In the ongoing effort of dealing with abstract duplicates. This question is about the lemma:

Lemma Let $k \ge 2$, $p$ prime and $a$ coprime to $p$. Then $$p^2\!\mid a n^k+ bp\iff p\mid n,b.$$

This lemma answers the following kinds of questions:

• Prove $\,4\nmid n^3+2.\,$ When does $\,p^2\mid a n^k+ bp\,$ generally?
• $x^2+35=7^n$ has no natural solutions $\,x,n$

Answer 1

Lemma $\, \ p^2\!\mid a n^k+ bp\iff p\mid n,b,\ $ if $\ \color{#0a0}{k\ge 2}\,\ $ & $\ a\,$ is $\rm\color{#90f}{coprime}$ to ${\rm\color{#c00}{prime}}\ p$ (or ${\rm\color{#c70}{squarefree}}\ p$)

Proof $\ \ (\Leftarrow)\ \ $ Clear by $\,p\mid b,n\,\overset{\times\, p}\Rightarrow\,p^2\mid bp, n^{\color{#0a0}k}_{\phantom{|_{|_.}}}$ and basic divisibility laws.
$\ (\Rightarrow)\ $ $\,p\mid an^k\! + bp\overset{\color{#90f}{(a,p)=1}}\Longrightarrow\! p\mid n^k\color{#c00}{\overset{\rm EL}\Rightarrow}\, p\mid n\,$ $\overset{\color{#0a0}{k\,\ge\, 2}}\Longrightarrow\,p^2\mid n^k\Rightarrow p^2\mid pb\,\Rightarrow\,p\mid b$

using basic divisibility laws, and $\,\color{#c00}{\rm EL}$ = Euclid's Lemma.

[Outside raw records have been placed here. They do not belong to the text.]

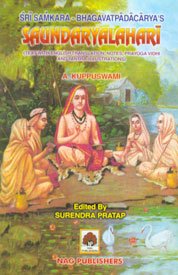 Beispielbild fr Saundaryalahari of Srishankara Bhagavatapadacharya zum Verkauf von Books Puddle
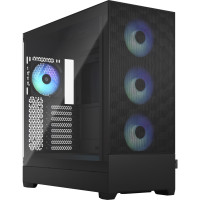 Fractal Design Pop XL Air RGB Black TG Clear (FD-C-POR1X-06)
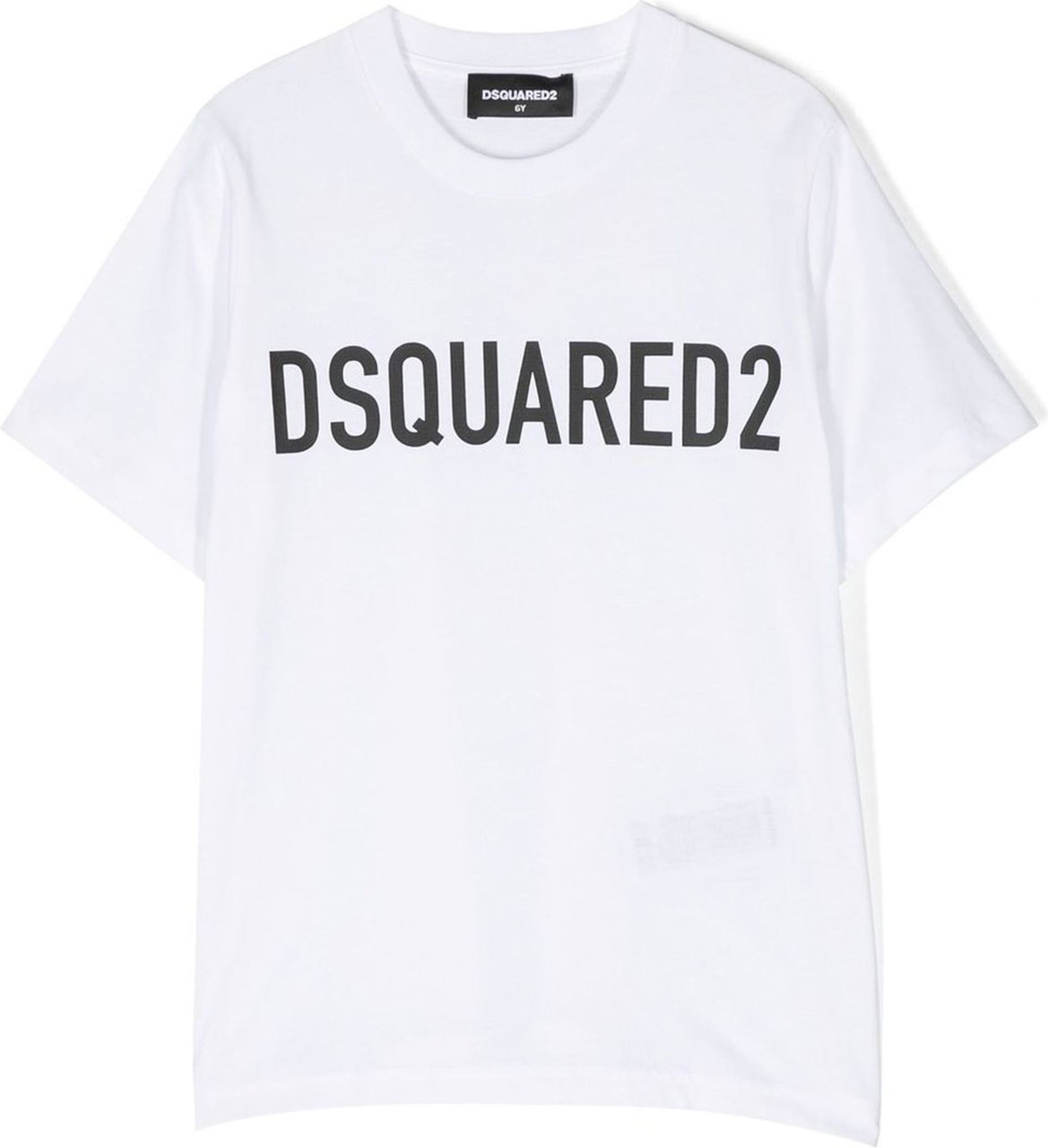Dsquared2 Relax Eco Maglietta T-Shirt Wit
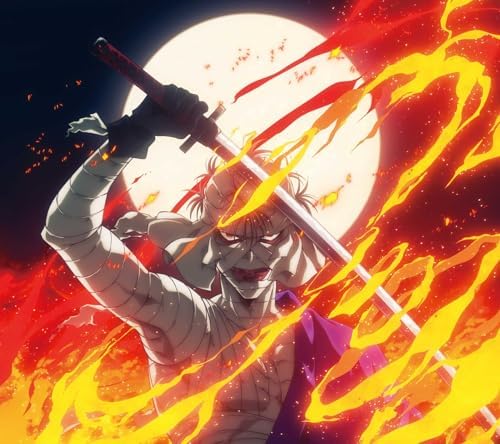 yama x WurtS "BURN" Rurouni Kenshin Japan Music CD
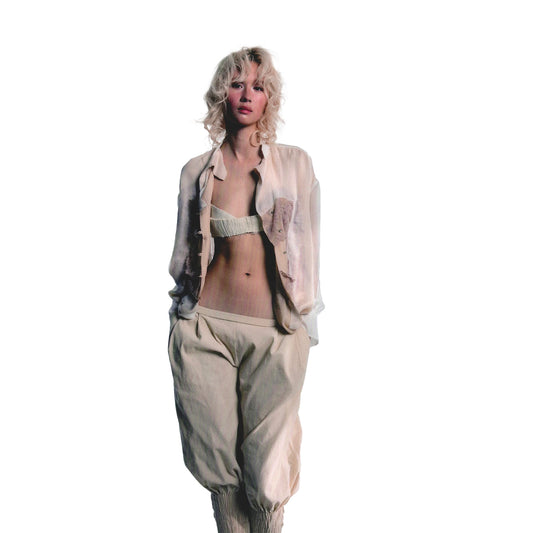 Babydoll Window Button-Up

Remark $ $ It also holds true for ${\rm\color{#c70}{squarefree}}\:p\,$ because they are precisely those integers satisfying the key middle inference, i.e. $\ p\mid n^k\color{#c00}\Rightarrow\,p\mid n,\,$ for all integers $\,n$.